President Trump responded in kind, thanking Cruz for his legislative support.
"Thanks to Ted, we now have a brand new member of the United States Supreme Court, Justice Brett Kavanaugh," Trump said.
Despite his best efforts on Monday, Trump's chummy relationship with Cruz may not be as iron-clad as the president suggests. Asked by ABC News over the weekend whether he considers Trump a friend or a foe, Cruz refrained from hanging his hat on the former.
"He's the president," Cruz told ABC News' Paula Faris in an interview that aired on "This Week" Sunday. "I work with the president in delivering on our promises."
The president made his presence felt in this heated race long before Air Force One touched down in the Lone Star State Monday evening, bashing O’Rourke on Twitter last week as a "total lightweight" and a "flake."
On Monday, Trump targeted O'Rourke again, calling him "a stone-cold phony."
"O'Rourke pretends to be a moderate, but he is actually a radical, open borders left winger," Trump said.

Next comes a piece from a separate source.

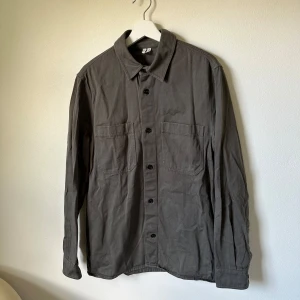 Grön overshirt från Arket, storlek 48 - Säljer en stilren grön overshirt från Arket i storlek 48. Skjortan har två stora bröstfickor, klassisk krage och knäppning framtill. Tillverkad i bomull och passar perfekt för lager-på-lager. Enkel och clean look som funkar till det mesta. 2I2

Despite O’Rourke’s national buzz as a progressive liberal over-performing in the conservative bastion of Texas, he still trails in most polls by nearly ten points. During a debate last week, the typically mild-mannered O’Rourke borrowed a nickname that Trump coined during the 2016 campaign, referring to Cruz as “Lyin’ Ted.”

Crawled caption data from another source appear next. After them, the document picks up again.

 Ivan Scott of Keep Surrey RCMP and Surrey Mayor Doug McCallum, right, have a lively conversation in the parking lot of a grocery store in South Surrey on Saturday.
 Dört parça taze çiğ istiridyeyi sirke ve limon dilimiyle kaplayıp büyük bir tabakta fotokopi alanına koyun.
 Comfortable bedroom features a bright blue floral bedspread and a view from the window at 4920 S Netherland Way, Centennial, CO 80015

Departing the White House on Monday afternoon, Trump renounced that moniker and coined a new nickname for Cruz.
"He's not lyin' Ted anymore, he's beautiful Ted,” Trump told ABC News Chief White House Correspondent Jonathan Karl. "I call him 'Texas Ted.'"
O’Rourke, who represents El Paso in the House of Representatives, also pledged to vote to impeach President Trump if given the chance.
Again mentioning his "10 percent tax cuts" for the middle class in addition to the "big tax cuts you've already gotten," Trump said that he has been working with Rep. Kevin Brady for three months, and said they are "putting it in next week."
"For all middle income people 10%" the president said.
Trump also spoke at length about the migrant caravan making its way from Central America through Mexico, with its ultimate destination the United States border -- just a couple hundred miles south of Houston -- accusing aspiring migrants of committing "an assault on our country."
"In that caravan you have some very bad people," Trump said. "We can't let that happen to our country."
Trump again claimed, without evidence, that the Democrats are behind the caravan.
"Democrats had something to do with it and now they said I think we made a big mistake. Because people are seeing how bad it is," Trump said, as he called the caravan "an assault on our country."
The total number of migrants now headed to the U.S. border is estimated to be about 7,200, the United Nations said Monday.
Recognizing the potential implications of a senate defeat in a state Trump carried by nine points in 2016, the president set his sights on Cruz’s race back in August, announcing his intention "hold a major rally" in "the biggest stadium in Texas we can find."
The Trump campaign fell slightly short of that promise, initially booking an 8,000-seat arena in Houston’s suburbs. But after a “HUGE and unprecedented” response to ticket sales, Trump campaign manager Brad Parscale announced a late change in venue to accommodate a larger audience, landing on Houston’s 18,000-seat basketball arena, the Toyota Center.
As President Trump took the stage, Houston's Police Chief Art Acevedo tweeted that approximately 3,000 people watched the rally from outside the arena.